**WORK ITEM:**
Begin at the line that has "8836 Shadowlake Way", stop after the line that has "شاهد بالفيديو: عمالة", and print exactly those lines from the records below, without any pictures.

**EXTRACTED ENTRIES:**

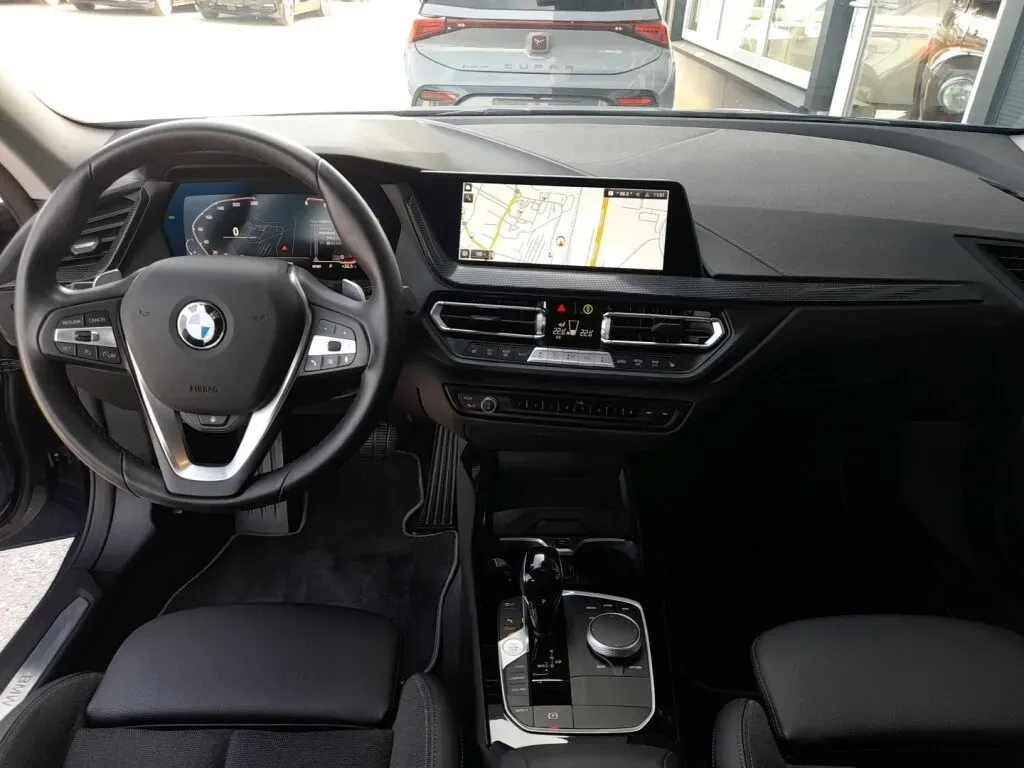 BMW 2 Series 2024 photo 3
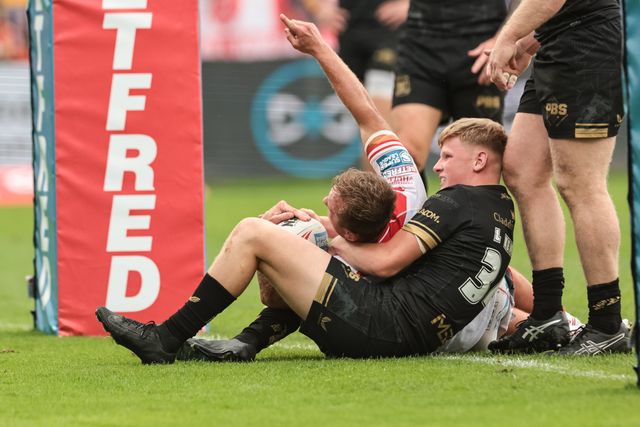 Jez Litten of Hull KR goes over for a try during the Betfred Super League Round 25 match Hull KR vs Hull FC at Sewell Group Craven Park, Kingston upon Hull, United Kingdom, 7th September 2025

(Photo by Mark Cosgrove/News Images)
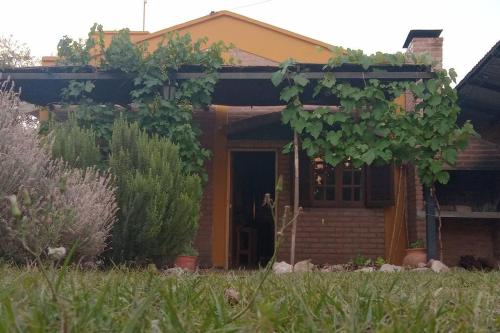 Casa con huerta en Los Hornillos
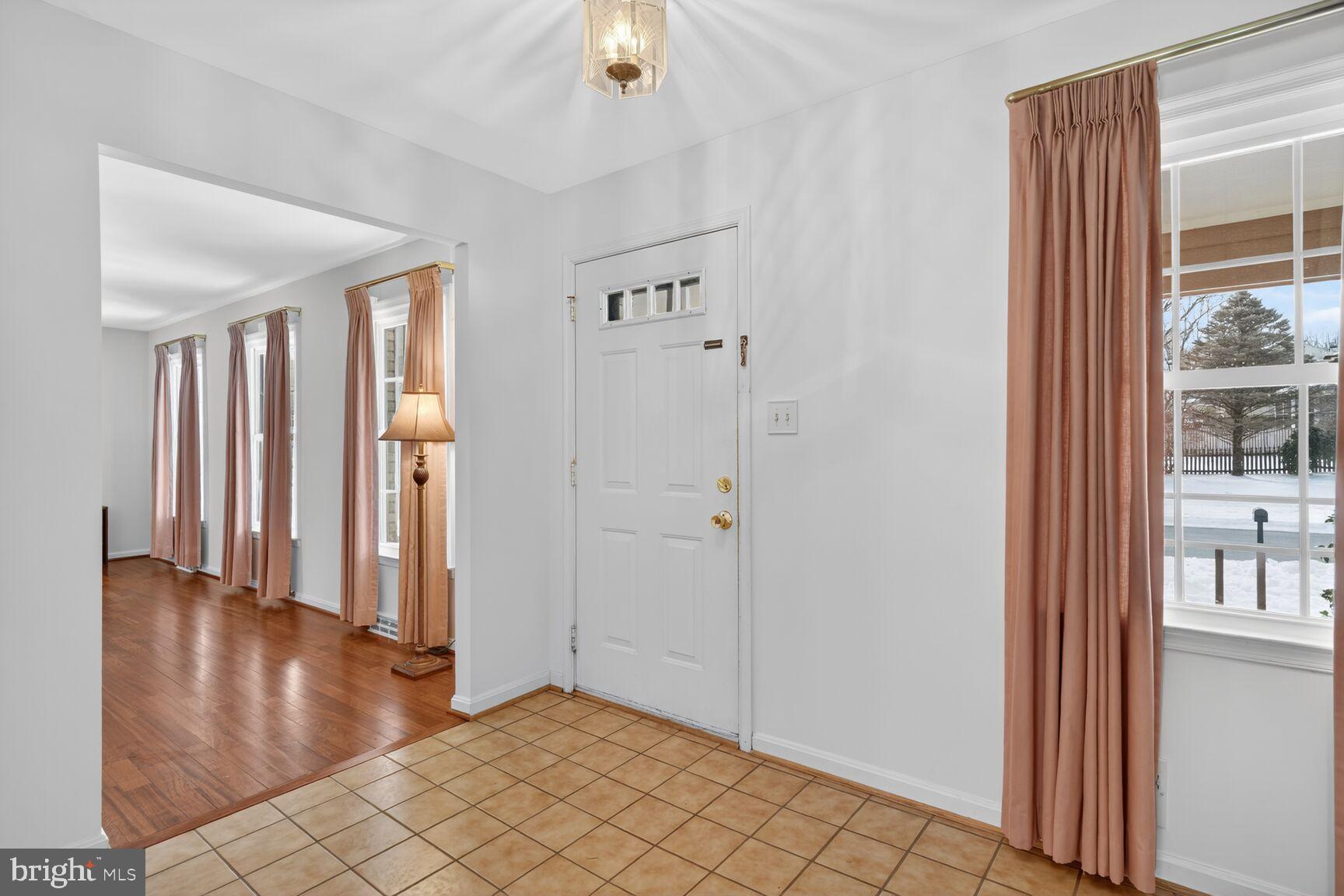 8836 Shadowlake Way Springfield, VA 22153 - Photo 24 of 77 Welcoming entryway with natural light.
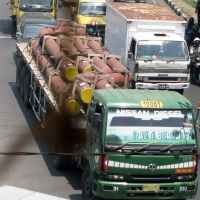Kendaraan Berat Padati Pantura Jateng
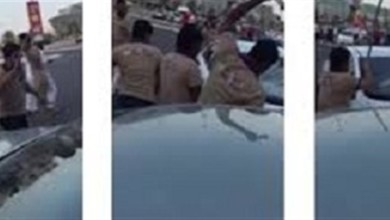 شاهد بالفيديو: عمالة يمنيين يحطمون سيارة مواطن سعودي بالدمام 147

...

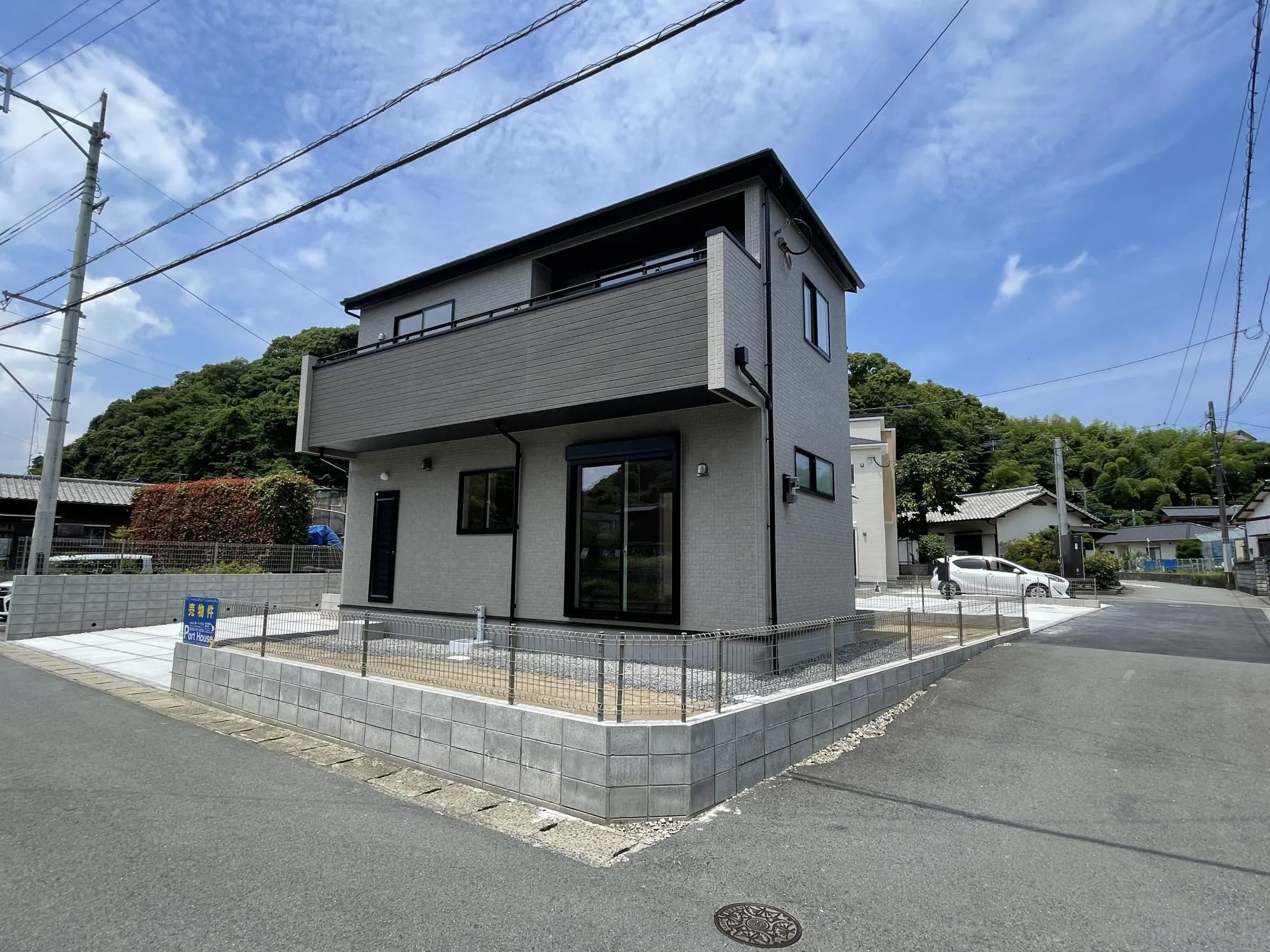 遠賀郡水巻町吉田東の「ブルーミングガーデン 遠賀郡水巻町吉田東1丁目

==

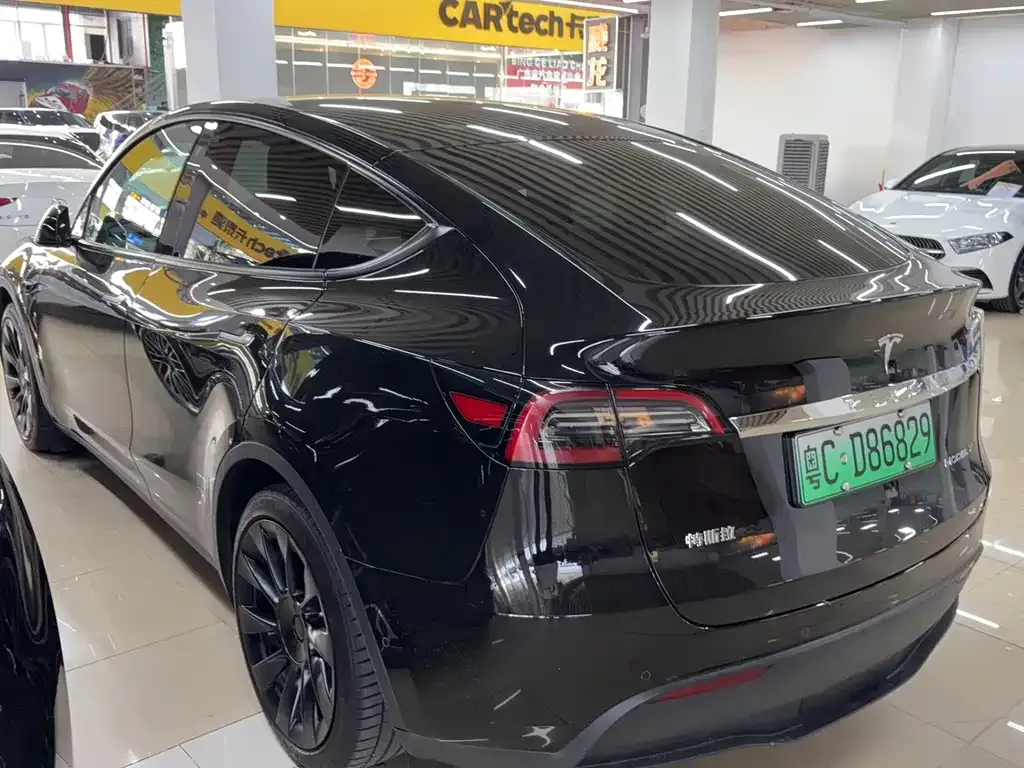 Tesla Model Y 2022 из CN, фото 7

**RESULT FOR THIS TASK:**
 8836 Shadowlake Way Springfield, VA 22153 - Photo 24 of 77 Welcoming entryway with natural light.
Kendaraan Berat Padati Pantura Jateng
 شاهد بالفيديو: عمالة يمنيين يحطمون سيارة مواطن سعودي بالدمام 147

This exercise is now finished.